海が見えてくる。俺はただ一人、ソンオンに追いついた。
「追い詰めたぞ!」
ソンオンの背後は断崖であった。
「く、来るな!化け物!」
ソンオンは俺が近づくと腰を抜かし座り込んだ。脚はガクガク震え、綺麗な顔は恐怖で歪んでいる。
「お前は何者だ……その膨大な魔力はなんだ……」
俺は答えに窮した。ソンオンは何かを感じ取っている。自分では膨大な魔力など感じていない。
「ソンオン。

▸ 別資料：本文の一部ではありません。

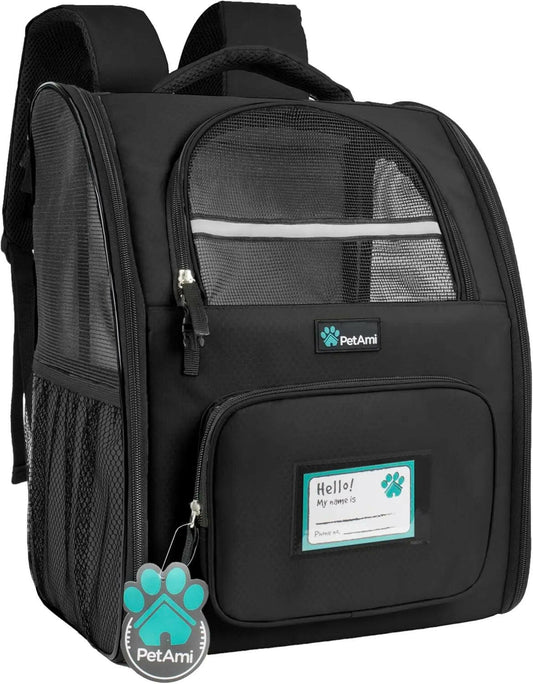 Travel stress-free with your pet! Airline Approved & Ventilated Dog/Cat Backpack (Up to 18 lbs) Black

俺の何を知っているのだ」
「お前はこの世の者ではない……」
俺はソンオンの言葉にハッとした。転生したことをソンオンは気が付いているのであろうか。
「俺は先の世から来たと言えば信じるか」
言ってしまった。俺自身もその言葉が正確なのかも分からないままだ。だが、ソンオンはそれを聞き表情が和らいだ。
「そうか……天に選ばれたというわけか」
「どういうことだ?」
俺が一歩踏み込むとソンオンは身を翻し崖から身を投げた。一瞬、微笑んだような気がした。
「あっ!」
咄嗟に伸ばした手でソンオンの道着を掴む。ビリビリと裂け、ソンオンの体は落ちていく。俺は何とか捕えようとソンオンの腰のあたりを掴もうとした。

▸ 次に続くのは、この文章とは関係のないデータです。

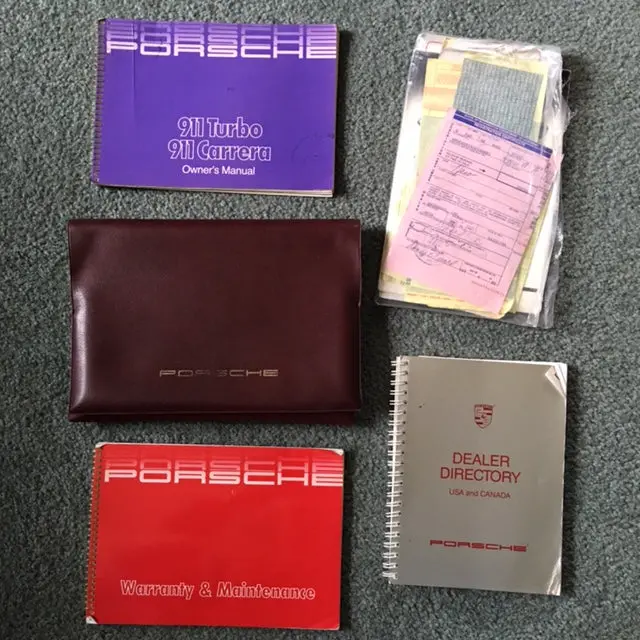 Porsche 911 Owners Manuals Books Dealer Directory Warranty Maintenance Pouch 1988 - 1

だが、ソンオンを捕えることは出来なかった。悲鳴もなかった。やがて海に落ちる音が聞こえる。
この高さから落ちたら助からないであろうと思った。手には布地を握っていた。
「……」
北府の兵の一団が向かってくる。ソンオンを捕えることも、首を取ることも出来なかった。
リュウロウシの前に立った。
「ソンオンはどうした」
「取り逃がしました。崖から身を投げ……首を取ることが出来ませんでした」
リュウロウシの眉が動いた。
「……それだけか」
「あの……これを」
俺は手に持っていた布地を差し出した。
リュウロウシが絶句した。周りの将校たちも固まった。
「ソンオンの……首の代わりに……その……下着を」
沈黙が続いた。
リュウロウシがゆっくりと口を開いた。
「……よし。手柄として認める」
「え?本当ですか?」
「ソンオンを追い詰め、みずから身を投げさせた。それは事実だ。首は取れなくとも、乱を終わらせた功績は本物だ」
リュウロウシはそれ以上何も言わなかった。だが、その目が微かに笑っていた気がした。
アイが近づいてきた。
「お前の手柄は下着か」
「うるさい」
「ふふ……」
アイが珍しく笑った。
だがアイは俺の手の中の布地をじっと見た。
「……随分と変わった形だな。この素材は何だ」
俺も改めて見た。確かに変だ。薄くて、滑らかで、この世界では見たことのない素材だ。だが俺には見覚えがあった。転生前の世界のものだ。そしてよく見ると小さなタグがついていた。
文字が書かれている。
「ボクシ。これ何て書いてある」
ボクシが覗き込んだ。
「……読めない。見たことのない文字だ」
俺が覗き込んだ。
読めた。
カタカナだった。
「ポリエステル……」
俺はまさかと思って固まった。
「そういえば……アイのとは全然違うな」
口から出てしまった。
アイの動きが止まった。
「……今、何と言った」
「いや、その……」
「お前、今……何と言ったのだ」
アイの目が細くなった。次の瞬間、俺は吹き飛ばされていた。
「この変態!」
足音荒く立ち去るアイ。
ボクシが呆れた顔で見下ろした。
「お前は本当に馬鹿だな」
「分かってる……」
地面に転がりながら、俺は考えていた。
ポリエステル。現代の素材だ。この時代にあるはずがない。
つまりソンオンは——
(俺と同じだ。転生者だ)
崖の上でのソンオンの言葉が蘇った。
「天に選ばれたもの」
ソンオンも転生していた。だから俺の魔力を感じ取れた。だから怯えた。同じ種類の存在だと分かったから。
俺は空を見上げた。
天に選ばれた、とはどういうことだ。俺が?
まったく見当がつかなかった。
だがソンオンの言葉だけが、頭の中でぐるぐると回り続けた。